Solidarity with the Anglican Church in Uganda and Nigeria

By Chris Sugden, Evangelicals Now

Anglican churches in Nigeria and Uganda have through history stood for biblical truth and principle and been at the forefront of action for justice, peace and equality. They have transformed their societies especially the relationships of men and women. One African Anglican Archbishop told me recently: “Defenders of polygamous families have never lived in one.” The church was also at the forefront of developing democracy in African societies, often in opposition to the ruling colonial powers and their national successors. One only needs recall the late Archbishop David Gitari of Kenya.

Christian mission at its most authentic has not supported the status quo, or privileged injustice and oppressive social practices. In India Christians opposed widow burning. In Pakistan the church still leads the fight against child slavery.

The Ugandan church knows the price of opposing unjust and powerful people. Every year on June 3 the church recalls the martyrdom between 1885 and 1887 of young page boys at the court of the King of Buganda who refused to be sodomised by the king because of their Christian faith. In the 1970s Archbishop Janani Luwum paid the price for the church’s critique of Idi Amin with his life.

The recent laws concerning homosexual behaviour in Uganda and Nigeria have led to strident condemnation from some in the West. In the last week the World Bank has postponed a $90 million dollar loan to Uganda. Norway, Denmark and the Netherlands have withdrawn government aid. Have they responded to Russia’s laws in a similar way? Are the poor of the world only to be helped if they agree with us?

 

The African Anglican church’s membership of the global Anglican Communion enables accountability and mutual challenge between churches. The following exchange between a Nigerian archdeacon called Paul and a visiting American Ph.D student illustrates this

“Paul had heard that some priests in the US and England are gay.  “What would these Christian brothers of yours say if I asked them how they could be homosexual, and train for ordination?”

I told him how seminary classmates of mine who are gay tell me that they believe God created them to be that way. After a few moments, he spoke again. “In every culture, there is something to be converted by the gospel. In Nigeria, it is our lying, cheating, and pervasive corruption.”

He paused again, reflective. “What is it that needs to be converted in America?” It was an honest question, asked genuinely, and I realised that it was not one to which I had ever given serious thought. I stumbled, looking for an answer. (Church Times February 21 p.36)

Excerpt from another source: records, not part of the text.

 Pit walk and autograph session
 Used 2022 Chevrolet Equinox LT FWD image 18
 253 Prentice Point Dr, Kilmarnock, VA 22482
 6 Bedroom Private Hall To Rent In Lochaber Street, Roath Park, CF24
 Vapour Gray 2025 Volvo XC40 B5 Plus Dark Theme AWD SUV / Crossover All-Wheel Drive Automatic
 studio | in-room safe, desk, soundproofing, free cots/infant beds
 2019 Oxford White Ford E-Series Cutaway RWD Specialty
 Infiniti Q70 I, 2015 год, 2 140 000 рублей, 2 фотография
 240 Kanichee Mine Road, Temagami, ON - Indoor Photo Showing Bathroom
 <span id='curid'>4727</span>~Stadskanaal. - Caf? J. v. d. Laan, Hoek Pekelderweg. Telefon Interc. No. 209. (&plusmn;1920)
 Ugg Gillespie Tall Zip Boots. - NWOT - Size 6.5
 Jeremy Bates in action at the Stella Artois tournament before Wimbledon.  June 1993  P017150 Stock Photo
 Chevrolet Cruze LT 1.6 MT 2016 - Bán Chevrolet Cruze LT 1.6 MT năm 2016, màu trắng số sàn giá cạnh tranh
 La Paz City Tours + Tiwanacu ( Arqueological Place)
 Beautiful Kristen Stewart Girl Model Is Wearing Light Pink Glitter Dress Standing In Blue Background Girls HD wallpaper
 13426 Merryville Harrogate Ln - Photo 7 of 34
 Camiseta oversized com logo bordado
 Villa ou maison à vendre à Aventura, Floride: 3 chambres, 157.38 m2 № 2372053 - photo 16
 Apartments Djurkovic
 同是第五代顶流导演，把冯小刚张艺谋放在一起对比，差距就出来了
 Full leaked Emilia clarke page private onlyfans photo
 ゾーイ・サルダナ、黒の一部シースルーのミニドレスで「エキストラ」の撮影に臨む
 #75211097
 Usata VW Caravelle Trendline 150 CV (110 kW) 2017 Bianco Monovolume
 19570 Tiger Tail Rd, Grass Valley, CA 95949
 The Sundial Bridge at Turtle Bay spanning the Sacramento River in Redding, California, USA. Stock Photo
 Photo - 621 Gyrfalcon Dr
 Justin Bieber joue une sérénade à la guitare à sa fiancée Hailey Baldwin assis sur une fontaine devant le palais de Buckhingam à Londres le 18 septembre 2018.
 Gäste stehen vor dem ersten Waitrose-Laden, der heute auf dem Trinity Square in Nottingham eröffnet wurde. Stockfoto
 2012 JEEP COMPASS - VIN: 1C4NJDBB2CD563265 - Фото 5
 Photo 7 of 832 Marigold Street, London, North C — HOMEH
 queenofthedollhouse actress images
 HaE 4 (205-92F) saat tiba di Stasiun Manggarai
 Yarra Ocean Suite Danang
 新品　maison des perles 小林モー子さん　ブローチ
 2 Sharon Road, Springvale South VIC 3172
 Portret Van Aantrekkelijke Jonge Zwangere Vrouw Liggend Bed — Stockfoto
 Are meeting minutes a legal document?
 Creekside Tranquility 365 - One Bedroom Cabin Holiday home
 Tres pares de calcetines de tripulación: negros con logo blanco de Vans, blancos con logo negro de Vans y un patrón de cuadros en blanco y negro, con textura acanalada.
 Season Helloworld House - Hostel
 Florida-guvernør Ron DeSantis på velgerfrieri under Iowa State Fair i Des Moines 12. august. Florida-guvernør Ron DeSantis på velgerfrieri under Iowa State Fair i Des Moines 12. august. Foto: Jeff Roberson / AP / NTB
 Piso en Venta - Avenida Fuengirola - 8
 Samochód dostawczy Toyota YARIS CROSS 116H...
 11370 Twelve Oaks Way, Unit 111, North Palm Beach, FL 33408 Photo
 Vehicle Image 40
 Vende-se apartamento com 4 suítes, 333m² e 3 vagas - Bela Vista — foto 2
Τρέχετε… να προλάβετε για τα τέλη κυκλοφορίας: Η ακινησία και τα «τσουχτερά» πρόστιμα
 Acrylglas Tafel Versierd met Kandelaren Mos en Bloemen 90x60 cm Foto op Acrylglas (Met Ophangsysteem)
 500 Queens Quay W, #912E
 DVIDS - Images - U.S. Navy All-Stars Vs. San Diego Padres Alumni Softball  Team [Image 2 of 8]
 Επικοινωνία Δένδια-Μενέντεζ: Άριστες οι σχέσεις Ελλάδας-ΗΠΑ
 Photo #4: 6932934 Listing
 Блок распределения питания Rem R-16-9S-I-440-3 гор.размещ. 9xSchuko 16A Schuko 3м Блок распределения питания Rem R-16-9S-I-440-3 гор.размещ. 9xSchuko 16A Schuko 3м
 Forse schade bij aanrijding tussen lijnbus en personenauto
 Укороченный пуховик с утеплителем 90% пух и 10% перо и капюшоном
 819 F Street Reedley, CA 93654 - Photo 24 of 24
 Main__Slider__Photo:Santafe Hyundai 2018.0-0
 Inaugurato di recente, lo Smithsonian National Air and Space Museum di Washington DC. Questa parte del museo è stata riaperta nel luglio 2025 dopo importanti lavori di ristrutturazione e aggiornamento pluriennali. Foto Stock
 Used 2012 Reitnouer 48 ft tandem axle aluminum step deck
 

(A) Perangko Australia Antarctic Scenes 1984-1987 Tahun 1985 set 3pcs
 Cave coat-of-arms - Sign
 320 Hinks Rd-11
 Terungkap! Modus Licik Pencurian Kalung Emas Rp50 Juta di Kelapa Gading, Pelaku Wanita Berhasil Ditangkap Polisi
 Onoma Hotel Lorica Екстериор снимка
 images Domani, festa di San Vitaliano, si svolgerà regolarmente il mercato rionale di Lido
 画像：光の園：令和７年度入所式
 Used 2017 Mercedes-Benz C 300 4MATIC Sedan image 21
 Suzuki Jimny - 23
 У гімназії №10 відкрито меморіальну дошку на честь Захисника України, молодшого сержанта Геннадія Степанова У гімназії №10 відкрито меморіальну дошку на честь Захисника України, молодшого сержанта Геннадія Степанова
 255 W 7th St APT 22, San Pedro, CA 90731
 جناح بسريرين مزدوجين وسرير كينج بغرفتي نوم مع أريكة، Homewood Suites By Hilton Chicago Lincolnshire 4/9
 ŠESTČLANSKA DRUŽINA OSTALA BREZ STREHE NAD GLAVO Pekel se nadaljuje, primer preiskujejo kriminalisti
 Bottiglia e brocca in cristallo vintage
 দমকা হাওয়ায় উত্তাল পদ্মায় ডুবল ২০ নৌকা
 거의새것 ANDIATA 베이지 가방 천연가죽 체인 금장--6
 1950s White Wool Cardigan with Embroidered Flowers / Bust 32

Rachel, who visited Kenya last October illustrates the issues Africans are facing:

‘LGBT offices funded from the West have been set up in all major cities throughout the country. It is widely believed that bright young people who are members of these groups are being funded through local tertiary education which is expensive and only generally accessible to the elite. One friend noticed that her newspaper carried a favourable article towards homosexuality every day. She felt that someone must have paid for it to be placed there as there was an article for every day in the same place, the same length for several weeks and then suddenly it stopped. “

“The media found an obscure, expelled, Kenyan Anglican priest who preaches that homosexual practice is acceptable and has received funding from the West to set up a church. He was given a large amount of sympathetic airtime on mainstream television at the same time that an international conference on upholding Biblical teaching was taking place in Nairobi (GAFCON2). This was used by the media to suggest that Christianity was unclear on the issue of homosexuality. A culture war has started in Kenya and the West has instigated it – cultural imperialism isn’t dead after all.’

The Archbishop of Uganda told me last year that parents in Uganda are very concerned to protect their young boys from being preyed upon by paedophiles. The church’s vocation is the protection of the vulnerable. As a church and nation Ugandans know far more about the victims of violence than western liberals.

A Ugandan parliamentarian has told me of their struggle to signal through the law that such preying is completely taboo. I have heard UK Parliamentarians make the same argument for the use of the law in the UK on other matters.

The Anglican churches have stood against any violence against people with same-sex attraction and behind the scenes the Ugandan Anglican church had a significant moderating influence on the bill. Without the church’s role the forces of violence against same-sex attracted people would have triumphed.

Every community establishes boundaries for what is and is not acceptable. Many in the West would agree that it is reasonable to criminalise sexual behaviour between adults and minors in order to protect the vulnerable. There are clearly issues of norms of behaviour that are promoted in schools and youth groups. Uganda, like many other countries, has taken the view that the promotion of same sex behaviour is to be regarded as criminal activity.

The western church can share its views on the wisdom of criminalising same-sex behaviour between adults without weakening their respect for and support to the Ugandan Church in it stand against violence. This is a sign of maturity in our relationships.

This concern for the wellbeing of a community, especially the vulnerable, does not degrade the rights of same-sex attracted people. Claiming that it does depends on the unproved assumption that such attraction is entirely innate. President Museveni is investigating this assumption and inviting debate on the topic. This goes completely against the mainstream view of western culture. “Gay activists” in the west think that the issue is beyond debate and vilify any attempt to raise the question. Who is being prejudiced?